Opinion: Facebook Taking the Fun Out of Satirical Articles With “Satire” Tag

Opinion: Facebook Taking the Fun Out of Satirical Articles With "Satire" Tag

Apparently Facebook’s crack team of developers have observed that a significant chunk of their users have a hard time spotting satirical articles from actual news items. As a result of this, Facebook is testing a new satire tag for these particular articles.

RELATED: Don’t Like Facebook Messenger? Too Bad, It Will Be Mandatory For Mobile Chat

According to Facebook, the tag came about as a result of users wanting a way to identify satirical articles in their feed—because the title isn’t indication enough. So far the test has been ongoing for a month.

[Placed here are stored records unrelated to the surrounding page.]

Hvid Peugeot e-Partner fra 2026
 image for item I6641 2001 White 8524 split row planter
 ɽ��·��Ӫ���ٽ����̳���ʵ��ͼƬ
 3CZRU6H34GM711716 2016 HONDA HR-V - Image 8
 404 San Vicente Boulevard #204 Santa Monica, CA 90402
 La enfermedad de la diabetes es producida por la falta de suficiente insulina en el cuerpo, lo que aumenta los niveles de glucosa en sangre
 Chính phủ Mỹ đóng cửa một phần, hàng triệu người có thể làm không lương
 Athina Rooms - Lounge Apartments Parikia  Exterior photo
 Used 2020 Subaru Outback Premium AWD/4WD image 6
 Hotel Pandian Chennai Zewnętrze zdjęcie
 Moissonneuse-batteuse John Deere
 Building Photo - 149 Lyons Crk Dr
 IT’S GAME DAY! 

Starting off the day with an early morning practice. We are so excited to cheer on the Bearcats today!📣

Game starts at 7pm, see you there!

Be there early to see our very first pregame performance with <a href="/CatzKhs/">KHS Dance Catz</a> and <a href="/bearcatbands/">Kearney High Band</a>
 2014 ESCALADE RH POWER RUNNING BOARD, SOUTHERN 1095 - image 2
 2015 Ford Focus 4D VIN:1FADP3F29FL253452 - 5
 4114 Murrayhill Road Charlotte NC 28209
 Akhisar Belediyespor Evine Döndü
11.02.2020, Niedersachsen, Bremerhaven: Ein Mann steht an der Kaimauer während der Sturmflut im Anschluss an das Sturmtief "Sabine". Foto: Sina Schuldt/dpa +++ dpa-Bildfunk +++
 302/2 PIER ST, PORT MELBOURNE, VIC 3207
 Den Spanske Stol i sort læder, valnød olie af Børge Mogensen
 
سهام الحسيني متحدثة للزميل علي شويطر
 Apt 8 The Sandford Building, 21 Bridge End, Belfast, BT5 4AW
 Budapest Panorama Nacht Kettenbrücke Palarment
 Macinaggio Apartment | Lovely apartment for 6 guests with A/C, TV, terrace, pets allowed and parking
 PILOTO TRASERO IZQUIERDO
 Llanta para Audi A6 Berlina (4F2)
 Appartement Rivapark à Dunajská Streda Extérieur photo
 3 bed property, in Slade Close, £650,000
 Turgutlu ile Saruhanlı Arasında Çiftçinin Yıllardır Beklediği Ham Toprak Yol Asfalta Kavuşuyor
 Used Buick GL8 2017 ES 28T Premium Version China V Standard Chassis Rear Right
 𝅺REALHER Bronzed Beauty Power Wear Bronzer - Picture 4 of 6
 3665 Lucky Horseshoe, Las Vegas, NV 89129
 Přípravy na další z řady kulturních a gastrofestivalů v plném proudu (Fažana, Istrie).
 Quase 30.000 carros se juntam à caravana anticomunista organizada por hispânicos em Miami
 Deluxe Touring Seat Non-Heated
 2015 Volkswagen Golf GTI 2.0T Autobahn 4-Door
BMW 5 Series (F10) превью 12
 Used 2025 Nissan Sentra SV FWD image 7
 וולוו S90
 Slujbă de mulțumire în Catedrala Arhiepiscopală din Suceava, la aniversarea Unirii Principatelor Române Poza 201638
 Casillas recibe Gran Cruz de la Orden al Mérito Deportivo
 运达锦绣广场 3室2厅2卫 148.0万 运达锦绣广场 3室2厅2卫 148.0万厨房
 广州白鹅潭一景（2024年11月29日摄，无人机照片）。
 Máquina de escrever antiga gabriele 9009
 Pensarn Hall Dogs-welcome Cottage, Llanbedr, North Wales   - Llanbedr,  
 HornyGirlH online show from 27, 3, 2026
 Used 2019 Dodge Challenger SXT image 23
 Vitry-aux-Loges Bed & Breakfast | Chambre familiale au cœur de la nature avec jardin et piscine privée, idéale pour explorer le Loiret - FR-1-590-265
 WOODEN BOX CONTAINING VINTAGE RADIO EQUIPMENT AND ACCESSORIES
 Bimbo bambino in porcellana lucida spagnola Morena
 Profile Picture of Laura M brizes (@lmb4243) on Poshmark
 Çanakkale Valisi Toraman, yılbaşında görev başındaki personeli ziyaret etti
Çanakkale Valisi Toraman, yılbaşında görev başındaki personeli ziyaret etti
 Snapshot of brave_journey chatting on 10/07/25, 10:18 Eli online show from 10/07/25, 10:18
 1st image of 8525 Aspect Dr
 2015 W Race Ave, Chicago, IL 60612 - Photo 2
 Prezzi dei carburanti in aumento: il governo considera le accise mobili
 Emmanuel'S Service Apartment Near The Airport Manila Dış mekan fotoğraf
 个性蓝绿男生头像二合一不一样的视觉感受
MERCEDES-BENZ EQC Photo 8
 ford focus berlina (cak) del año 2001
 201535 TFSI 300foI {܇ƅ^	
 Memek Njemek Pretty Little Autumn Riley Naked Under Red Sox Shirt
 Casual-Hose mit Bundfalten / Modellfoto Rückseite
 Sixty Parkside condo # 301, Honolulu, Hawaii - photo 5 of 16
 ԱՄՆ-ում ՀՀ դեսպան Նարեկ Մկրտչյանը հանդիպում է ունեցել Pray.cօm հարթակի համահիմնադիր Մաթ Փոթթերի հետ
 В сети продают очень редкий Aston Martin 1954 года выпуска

The tag will pop up with “related articles” after checking out an article and will be identified by “Satire” in brackets. In testing the satire tag on several computers, Ars Technica has pointed out that the tag in its current form is a bit inconsistent and doesn’t catch other satire sites.

I’m not a fan of the tag at all. Having to tell someone that something is fake news or not to be taken for serious informational consumption pretty much kills the joke. As a matter of fact, having to tell someone that something is a joke—especially before they hear or read it—defeats the purpose of a joke. It’s meant to be told or read and for the person getting the joke to think about it. The joke has to hit the listener or reader.

Plus one of the bright points of well written satire-based articles is that they could easily pass for actual news articles. There’s something humorous not just about the article itself, but people taking it and running with it as fact…even with its obviously questionable title to start with. An article such as “Going-Out-Of-Business Sign Thanks Neighborhood For 3 Months Of No Support Whatsoever” wouldn’t need a “satire” tag—unless there was an outbreak of writers with news agencies getting local news items and just wanted to have fun with the title.

A title such as the above mentioned from a source such as The Onion or Kayfabe News would get an eye roll seeing the satire bracket. Not only that, but “Oh really?” would punctuate the eye roll.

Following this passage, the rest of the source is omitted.